A ces principales techniques de base, s’ajoutent nombre d’autres procédés fréquemment utilisés par les artistes. Quelques exemples sont décrits ci-dessous.

 

Manière noire (« mezzotinto ») : à l’aide d’un « berceau », outil d’acier doté d’un manche, d’une forme arrondie et garni de nombreuses petites dents, on créé, par un mouvement de balancier fréquemment répété, une multitude de petites incisions dans la plaque de cuivre. A la fin de ce traitement, si la surface est encrée et l’épreuve passée à la presse, il apparaîtra sur le papier une surface uniformément noire (ou de couleur de l’encre choisie), et veloutée. Pour créer des images, le graveur utilise des outils (brunissoirs) permettant de réduire ou supprimer une partie des petites incisions faites préalablement, et donc de faire apparaître des zones peu ou pas encrées, claires au tirage. Cette technique est quasiment unique dans sa capacité à faire apparaître des effets d’ombres et de lumière.

 

- Aquatinte : le principe a quelque analogie avec la manière noire, mais en recourant à un procédé chimique. La plaque est recouverte d’une fine couche de poudre de colophane (résine de térébenthine), et brièvement chauffée de manière à faire fondre les grains de colophane qui adhérent ainsi à la plaque. Celle-ci est ensuite placée dans un bain de mordant, qui va attaquer le métal dans tous les interstices entre les grains attachés au métal, tandis que ces derniers protègent le métal. Après un temps variant entre quelques minutes et quelques dizaines de minutes, la plaque est nettoyée, faisant apparaître une surface constellée de petits « trous » qui, à l’encrage, retiendront l’encre et permettront d’obtenir une surface uniformément noire (selon l’encre), avec un aspect cependant moins égal et moins velouté qu’avec la manière noire. L’aquatinte constitue une technique fondamentale en gravure pour toute œuvre voulant exprimer des valeurs (plages de tonalités plus ou moins claires ou foncées).

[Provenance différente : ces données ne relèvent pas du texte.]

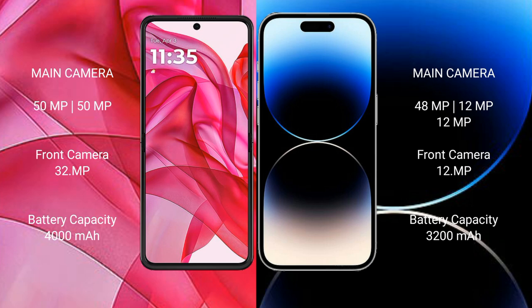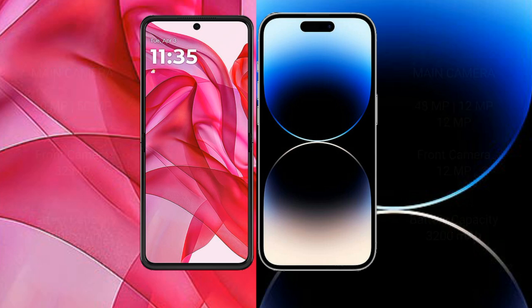The Motorola Edge 50 Ultra has a 4000mAh battery with 45-watt fast charging support. The iPhone 14 Pro has a 3200mAh battery with 20-watt fast charging support.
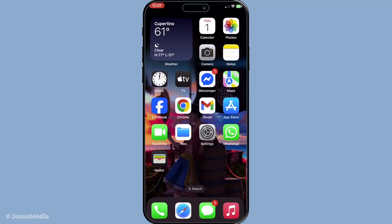In today's video, I'm going to teach you how to add a photo to Apple Wallet. If you've ever wondered about this, you might have realised that Apple Wallet is tailored specifically for storing passes, tickets and payment information. While you can't directly add a photo to Apple Wallet, there's an effective workaround using the Photos app to keep those important images just a few taps away. Let's dive right in.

L’aquatinte est souvent utilisée dans le procédé dit « au sucre ». Une solution aqueuse très concentrée en sucre est utilisée pour dessiner sur une plaque de cuivre, à l’aide d’un pinceau, le motif à graver. Après séchage, la plaque est recouverte d’un vernis dilué, puis après séchage est mis dans un bain d’eau chaude. Le vernis n’étant pas totalement imperméable à l’eau, celle ci va être osmotiquement « attirée », à travers le vernis, par la couche de sucre qui, en gonflant, fait se détacher le vernis et apparaître le cuivre nu, aux endroits précis du dessin initial. La plaque est ensuite « grainée » par la colophane, et traitée comme pour l’aquatinte.

 

- Gravure au vernis mou : la plaque est enduite d’un vernis riche en cire et donc mou et collant. Une feuille de papier est déposée sur la plaque, et le graveur dessine au crayon, sur la feuille, le motif souhaité. La feuille est ensuite délicatement retirée, laissant apparaître le dessin sur la plaque, là où la pression du crayon a fait adhérer le vernis au papier et a donc dénudé le métal. La plaque est ensuite placée dans un mordant, pas trop violent, et le tirage se fait comme mentionné plus haut. Cette technique permet d’obtenir par un procédé de gravure une remarquable similitude avec le dessin au crayon.

 

- Gravure au carborundum : cette technique fut « inventée » et décrite par Henri Goetz, dans les années 1960. Le principe est de dessiner au pinceau, sur une plaque (de métal ou de plastique) un motif à l’aide d’un mélange de résine/colle liquide et de poudre de carbure de silicium, de granulométrie variable. Après séchage de la colle, le motif est très fermement fixé sur la plaque, et peut être encré et tiré à la presse. J. Miro a été l’un des premiers, après Goetz lui-même, à utiliser cette technique avec une grande virtuosité.

 

Il est également possible de graver et traiter en surface d’autres matériaux que les métaux classiques. Divers matériaux plastiques, ainsi que le carton fort peuvent fournir des supports intéressants à traiter. L’utilisation de cutters, pointes diverses, roulettes, mais aussi de colle blanche, de gesso ou de peinture acrylique permet d’apporter, par des encrages adaptés, de nombreuses nuances et motifs à la surface de ces matériaux, techniques regroupées sous le nom de « collagraphie ». La résistance de ces matériaux à la pression est évidemment bien moindre que celle des métaux, et le nombre de tirages possibles est très limité.